The phenotype databases could be attached to one or more studies and datasets. If you want to attach comp_pheno phenotype database to comp study you need to specify it in the comp stydy configuration file comp.conf:

[study]

id = comp
prefix = data/
phenoDB = comp_pheno

and to enable the phenotype browser you should add:

phenotypeBrowser = yes

If you restart the GPF system WEB interface after this change you should be able to see Phenotype Browser tab in comp dataset.

Configure Phenotype Filters in Genotype Browser

A study or a dataset can have Phenotype Filters configured for it’s Genotype Browser when it has a phenoDB attached to it. The configuration looks like this:

[genotypeBrowser]

phenoFilters.filters = continuous

phenoFilters.continuous.name = Continuous
phenoFilters.continuous.type = continuous
phenoFilters.continuous.filter = multi:prb

phenoFilters.filters is a comma separated list of ids of the defined Phenotype Filters. Each phenotype filter is expected to have a phenoFilters.<pheno_filter_id> configuration.

The required configuration options for each pheno filter are:

  • phenoFilters.<pheno_filter_id>.name - name to use when showing the pheno
    filter in the Genotype Browser Table Preview.
  • phenoFilters.<pheno_filter_id>.type - the type of the pheno filter. One
    of continuous, categorical, ordinal or raw.
  • phenoFilters.<pheno_filter_id>.filter - the definition of the filter.

The definition of a pheno filter has the format <filter_type>:<role>(:<measure_id>). Each of these

  • filter_type - either single or multiple. A single filter is used to
    filter on only one specified measure (specified by <measure_id>).
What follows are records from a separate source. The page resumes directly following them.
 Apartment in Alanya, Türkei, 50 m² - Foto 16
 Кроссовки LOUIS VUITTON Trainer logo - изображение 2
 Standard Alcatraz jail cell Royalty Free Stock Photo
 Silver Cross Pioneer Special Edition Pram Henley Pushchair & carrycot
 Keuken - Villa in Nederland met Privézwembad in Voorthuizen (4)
A
    multiple pheno filter allows the user to choose which measure to use for
    filtering. The available measures depend on the
    phenoFilters.<pheno_filter_id>.type field.
  • role - which persons’ phenotype data to use for this filter. Ex. prb
    uses the probands’ values for filtering. When the role matches more than
    one person the first is chosen.
  • measure_id - id of the measure to be used for a single filter. Not
    used when a multiple filter is being defined.
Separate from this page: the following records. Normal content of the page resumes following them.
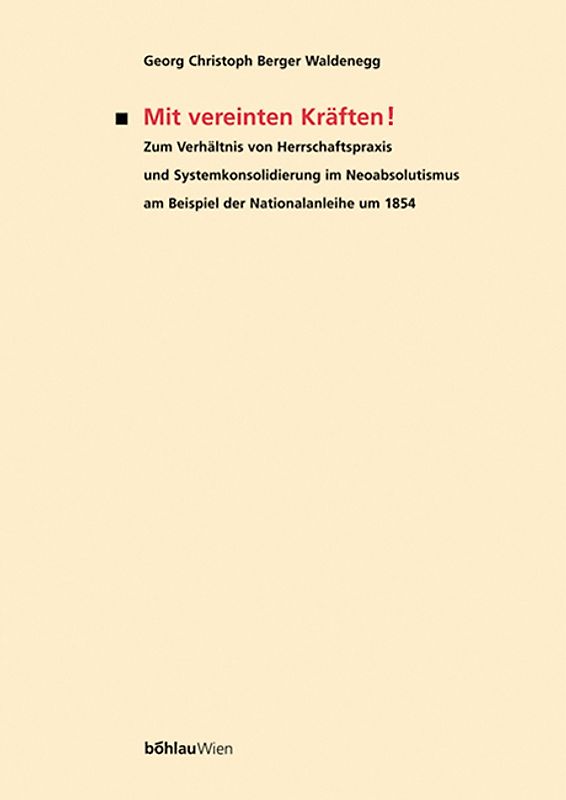 Mit vereinten Kräften!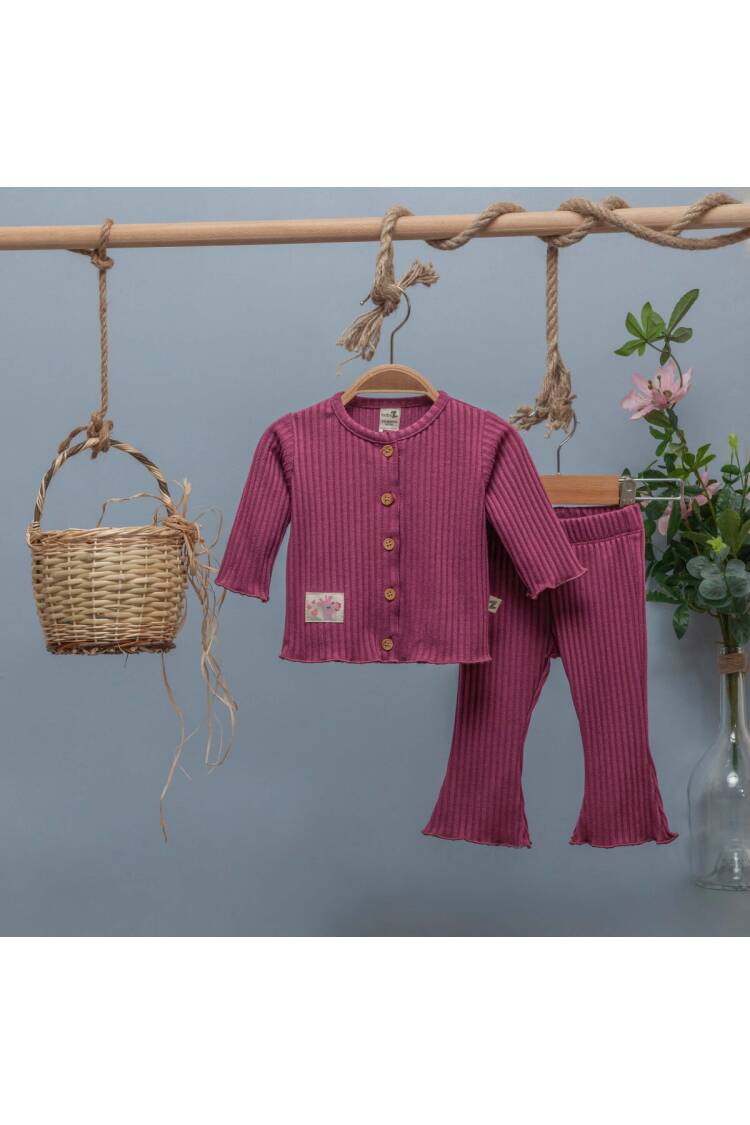 Wholesale Baby Girls 2-Piece Set 6-24M - Brand: BabyZ - Kids & Baby Clothes Wholesale - Globality Store
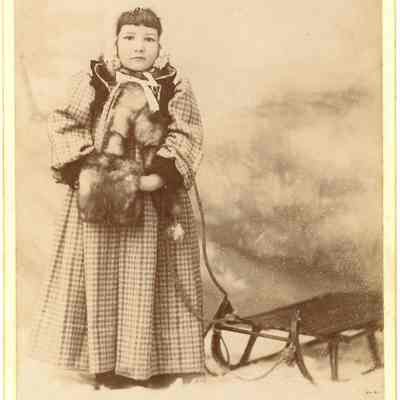 Cabinet Card, Johnson, Leona Keefe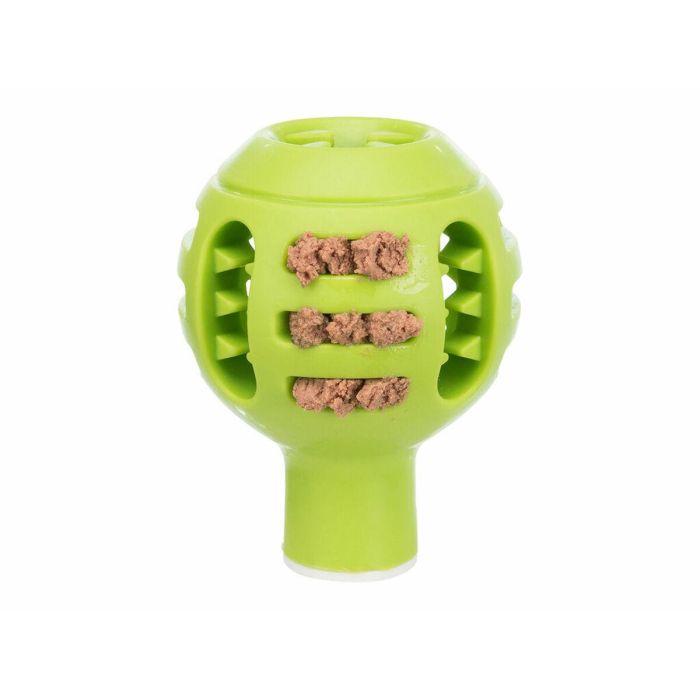 Pelota para Mascotas Trixie Lick'n'Snack Blanco Verde Plástico TPR Ø 8/12 x 13 cm 3 Pelota para Mascotas Trixie Lick'n'Snack Blanco Verde Plástico TPR Ø 8/12 x 13 cm 3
After adding the configuration for Phenotype Filters and reloading the Genotype Browser the Advanced option of the Family Filters should be present.
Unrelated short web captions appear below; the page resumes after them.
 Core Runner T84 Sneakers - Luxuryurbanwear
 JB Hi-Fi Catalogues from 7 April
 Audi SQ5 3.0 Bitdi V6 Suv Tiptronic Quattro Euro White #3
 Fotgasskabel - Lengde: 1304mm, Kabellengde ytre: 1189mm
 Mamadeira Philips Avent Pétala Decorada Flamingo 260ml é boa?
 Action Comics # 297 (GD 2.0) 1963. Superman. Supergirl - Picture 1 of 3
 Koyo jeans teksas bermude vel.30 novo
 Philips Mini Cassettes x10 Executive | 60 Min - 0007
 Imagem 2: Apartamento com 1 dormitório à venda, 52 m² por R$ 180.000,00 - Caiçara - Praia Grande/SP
Configure Phenotype Columns in Genotype Browser

Phenotype Columns are values from the Phenotype Database for each variant displayed in Genotype Browser Preview table. They can be added when a phenoDB is attached to a study or a dataset.

To add a Phenotype Column you need to define it in the study or dataset config:

[genotypeBrowser]

pheno.columns = pheno

pheno.pheno.name = Measures
pheno.pheno.slots = prb:i1.age:Age,
    prb:i1.iq:Iq

The pheno.columns property is a comma separated list of ids for each Pheno Column. Each Pheno Column has to have a pheno.<measure_id> configuration with the following properties:

  • pheno.<measure_id>.name - the display name of the pheno column group used
    in the Genotype Browser Preview table.
  • pheno.<measure_id>.slots - comma separated definitions for all pheno
    columns.

The Phenotype Column definition has the following structure: <role>:<measure_id>:<name>, where:

  • <role> - role of the person whose pheno values will be displayed. If
    the role matches two or more people all of their values will be shown,
    separated with a comma.
  • <measure_id> - id of the measure whose values will be displayed.

  • <name> - the name of the sub-column to be displayed.

For the Phenotype Columns to be in the Genotype Browser Preview table or the Genotype Browser Download file, they have to be present in the previewColumns or the downloadColumns in the Genotype Browser configuration.

previewColumns = family,variant,genotype,effect,weights,
scores3,scores5,
pheno

In the above comp configuration the last column pheno is a Phenotype Column.